QWI mulling market approach

3 months ago 16

Faced with declining net asset values, QWI Investments Limited is looking to boost its prospects through portfolio expansion and further risk diversification.

The company is 46 per cent owned by Jamaican Teas Limited, which basically curates its investments.

Chairman John Jackson said QWI was mulling a further approach to the equities market.

“At some point in time, we’ll probably go back to the market and raise additional funds,’ Jackson told shareholders at the company’s annual general meeting on Tuesday, but said no hard decision has been taken yet.

The board would be meeting soon “to have a strategic look at the operations” as QWI charts its way forward, he indicated.

Since listing on the stock market in September 2019, and in the face of a persistently bearish market, QWI has been financing its investment programme using margin loans provided by VM Wealth Management, with overdraft support from Scotiabank and Sagicor Bank.

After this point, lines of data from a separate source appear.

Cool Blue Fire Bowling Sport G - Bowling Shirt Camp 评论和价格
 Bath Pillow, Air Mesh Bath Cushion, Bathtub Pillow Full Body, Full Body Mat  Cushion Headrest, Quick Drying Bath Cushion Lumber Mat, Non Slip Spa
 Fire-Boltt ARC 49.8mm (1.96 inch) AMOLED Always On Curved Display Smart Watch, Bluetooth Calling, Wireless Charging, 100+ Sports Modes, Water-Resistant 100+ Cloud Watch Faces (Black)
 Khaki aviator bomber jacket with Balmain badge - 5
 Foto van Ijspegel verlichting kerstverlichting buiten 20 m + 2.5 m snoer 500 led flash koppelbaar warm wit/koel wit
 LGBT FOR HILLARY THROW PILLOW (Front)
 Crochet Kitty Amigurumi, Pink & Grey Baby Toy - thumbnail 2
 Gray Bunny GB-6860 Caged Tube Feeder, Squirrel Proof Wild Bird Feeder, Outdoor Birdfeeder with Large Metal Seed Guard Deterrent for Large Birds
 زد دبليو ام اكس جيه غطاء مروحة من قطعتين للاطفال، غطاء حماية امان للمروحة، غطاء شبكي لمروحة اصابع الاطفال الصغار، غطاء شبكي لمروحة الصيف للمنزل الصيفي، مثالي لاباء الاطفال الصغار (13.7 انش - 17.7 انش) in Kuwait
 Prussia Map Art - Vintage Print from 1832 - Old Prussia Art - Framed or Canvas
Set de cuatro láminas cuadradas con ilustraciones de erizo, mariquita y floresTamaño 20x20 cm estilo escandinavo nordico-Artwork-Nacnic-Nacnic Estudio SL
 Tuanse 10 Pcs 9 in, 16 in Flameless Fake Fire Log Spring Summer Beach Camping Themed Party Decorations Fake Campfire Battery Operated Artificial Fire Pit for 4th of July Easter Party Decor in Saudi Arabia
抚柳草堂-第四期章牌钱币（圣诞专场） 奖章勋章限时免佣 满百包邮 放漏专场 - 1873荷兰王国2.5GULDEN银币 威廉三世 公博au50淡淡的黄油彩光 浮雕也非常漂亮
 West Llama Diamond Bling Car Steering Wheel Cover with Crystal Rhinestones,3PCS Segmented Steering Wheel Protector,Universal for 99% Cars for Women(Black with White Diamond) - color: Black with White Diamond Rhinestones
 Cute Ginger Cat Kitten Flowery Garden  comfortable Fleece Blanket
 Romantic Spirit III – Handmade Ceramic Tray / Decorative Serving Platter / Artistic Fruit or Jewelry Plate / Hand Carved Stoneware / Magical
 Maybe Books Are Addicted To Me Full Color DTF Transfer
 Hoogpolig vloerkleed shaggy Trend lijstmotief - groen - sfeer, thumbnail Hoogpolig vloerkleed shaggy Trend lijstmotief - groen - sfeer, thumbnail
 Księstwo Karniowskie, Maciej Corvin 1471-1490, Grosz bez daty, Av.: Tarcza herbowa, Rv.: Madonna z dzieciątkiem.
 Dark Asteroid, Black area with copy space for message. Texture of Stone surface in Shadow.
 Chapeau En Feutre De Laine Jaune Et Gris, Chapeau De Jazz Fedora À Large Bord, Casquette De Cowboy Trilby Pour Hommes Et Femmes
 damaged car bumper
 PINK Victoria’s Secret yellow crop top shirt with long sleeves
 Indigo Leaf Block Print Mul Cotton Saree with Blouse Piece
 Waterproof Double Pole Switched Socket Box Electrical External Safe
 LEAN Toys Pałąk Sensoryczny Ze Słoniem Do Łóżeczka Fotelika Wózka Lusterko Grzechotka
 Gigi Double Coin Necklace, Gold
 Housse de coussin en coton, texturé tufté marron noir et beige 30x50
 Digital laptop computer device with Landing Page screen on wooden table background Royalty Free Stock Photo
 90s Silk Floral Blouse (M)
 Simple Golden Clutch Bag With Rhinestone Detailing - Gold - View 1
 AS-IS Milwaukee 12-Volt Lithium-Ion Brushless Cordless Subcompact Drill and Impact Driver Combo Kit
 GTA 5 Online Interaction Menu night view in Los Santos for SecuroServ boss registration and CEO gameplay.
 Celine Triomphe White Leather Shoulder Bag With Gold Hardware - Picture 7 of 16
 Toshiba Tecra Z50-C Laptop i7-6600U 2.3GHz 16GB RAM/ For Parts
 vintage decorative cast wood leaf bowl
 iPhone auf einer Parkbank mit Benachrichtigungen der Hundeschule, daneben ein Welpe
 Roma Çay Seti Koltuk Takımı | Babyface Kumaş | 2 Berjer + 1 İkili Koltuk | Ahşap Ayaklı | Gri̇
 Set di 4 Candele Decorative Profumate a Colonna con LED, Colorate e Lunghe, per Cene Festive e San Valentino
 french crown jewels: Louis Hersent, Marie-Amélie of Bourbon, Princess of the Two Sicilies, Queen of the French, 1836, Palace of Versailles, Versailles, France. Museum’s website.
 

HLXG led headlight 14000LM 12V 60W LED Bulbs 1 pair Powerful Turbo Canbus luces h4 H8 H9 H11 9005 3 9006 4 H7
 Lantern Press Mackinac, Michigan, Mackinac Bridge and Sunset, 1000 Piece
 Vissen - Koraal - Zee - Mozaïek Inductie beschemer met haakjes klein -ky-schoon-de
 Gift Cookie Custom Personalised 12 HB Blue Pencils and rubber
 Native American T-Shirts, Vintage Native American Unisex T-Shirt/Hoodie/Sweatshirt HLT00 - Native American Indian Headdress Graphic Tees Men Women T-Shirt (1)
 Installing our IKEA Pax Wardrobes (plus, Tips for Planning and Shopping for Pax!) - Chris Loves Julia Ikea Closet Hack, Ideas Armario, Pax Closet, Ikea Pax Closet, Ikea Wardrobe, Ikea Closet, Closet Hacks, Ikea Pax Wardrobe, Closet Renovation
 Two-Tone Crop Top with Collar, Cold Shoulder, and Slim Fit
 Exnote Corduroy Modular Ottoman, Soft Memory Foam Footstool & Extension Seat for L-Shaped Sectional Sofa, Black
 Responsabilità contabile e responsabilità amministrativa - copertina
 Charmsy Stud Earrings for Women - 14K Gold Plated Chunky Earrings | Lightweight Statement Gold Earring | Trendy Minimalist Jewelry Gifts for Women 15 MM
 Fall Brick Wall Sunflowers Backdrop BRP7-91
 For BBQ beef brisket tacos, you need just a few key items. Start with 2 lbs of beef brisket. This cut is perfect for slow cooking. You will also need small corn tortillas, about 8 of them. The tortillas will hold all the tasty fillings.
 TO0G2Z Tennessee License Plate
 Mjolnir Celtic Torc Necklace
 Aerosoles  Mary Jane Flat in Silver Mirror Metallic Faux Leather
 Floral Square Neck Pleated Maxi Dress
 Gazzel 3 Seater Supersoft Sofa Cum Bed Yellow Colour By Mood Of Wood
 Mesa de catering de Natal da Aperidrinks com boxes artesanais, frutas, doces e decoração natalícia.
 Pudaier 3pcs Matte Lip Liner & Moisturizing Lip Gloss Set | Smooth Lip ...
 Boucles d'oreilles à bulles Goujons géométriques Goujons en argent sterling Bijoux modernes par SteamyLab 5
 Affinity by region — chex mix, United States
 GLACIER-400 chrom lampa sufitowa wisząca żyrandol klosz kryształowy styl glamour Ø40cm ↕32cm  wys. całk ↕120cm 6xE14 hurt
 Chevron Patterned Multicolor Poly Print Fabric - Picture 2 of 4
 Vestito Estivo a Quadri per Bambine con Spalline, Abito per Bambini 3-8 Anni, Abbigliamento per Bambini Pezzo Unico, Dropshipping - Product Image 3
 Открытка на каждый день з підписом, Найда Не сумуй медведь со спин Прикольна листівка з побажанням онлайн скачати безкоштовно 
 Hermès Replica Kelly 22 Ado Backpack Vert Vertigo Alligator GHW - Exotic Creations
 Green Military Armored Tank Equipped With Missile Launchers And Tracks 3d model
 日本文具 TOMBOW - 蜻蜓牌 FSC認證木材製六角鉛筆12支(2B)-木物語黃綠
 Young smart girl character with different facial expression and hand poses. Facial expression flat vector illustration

Jackson said that for the time being, such loans are the best option for QWI.

“We are limited to how much we can borrow as a percentage of the portfolio, and we look at it on an ongoing basis,” Jackson told shareholders.

When QWI came to market six years ago, it did so at $1.87 per share, but the stock has failed to improve on that price. At midweek, the shares closed at 76 cents, albeit still above its one-year low of 64 cents. As for the company’s NAV, or net asset value, at $1.25 per share as at July 18, it is currently on the upswing, but is also slightly below the levels reported a year ago.

Jackson said QWI’s fund managers are assessing whether there’s a need to shift money around. The portfolio is 60 per cent invested in the Jamaican market, which has mostly been meandering southwards and was down nine per cent year to date at midweek.

“The Jamaican market has not really delivered for us the way we expect it to. We keep our fingers crossed that will change later in the year. We see some signs, but they are embryonic at this point in time,” Jackson told shareholders.

He added QWI was not wedded to holding a stock forever. The company has backed out of certain stocks and reinvested the proceeds in other stocks, where the thinking is that there are better prospects going forward.

“What we have recognised, for example, is that while the junior market companies offer good prospects, they are going through a sticky period currently, and therefore we have modified our portfolio when it comes to certain junior market companies,” Jackson said. The junior market index is down 9.55 per cent year to date.

Jackson also noted that while QWI itself is making losses, they will ameliorate as the company puts focus on enhancing investor value.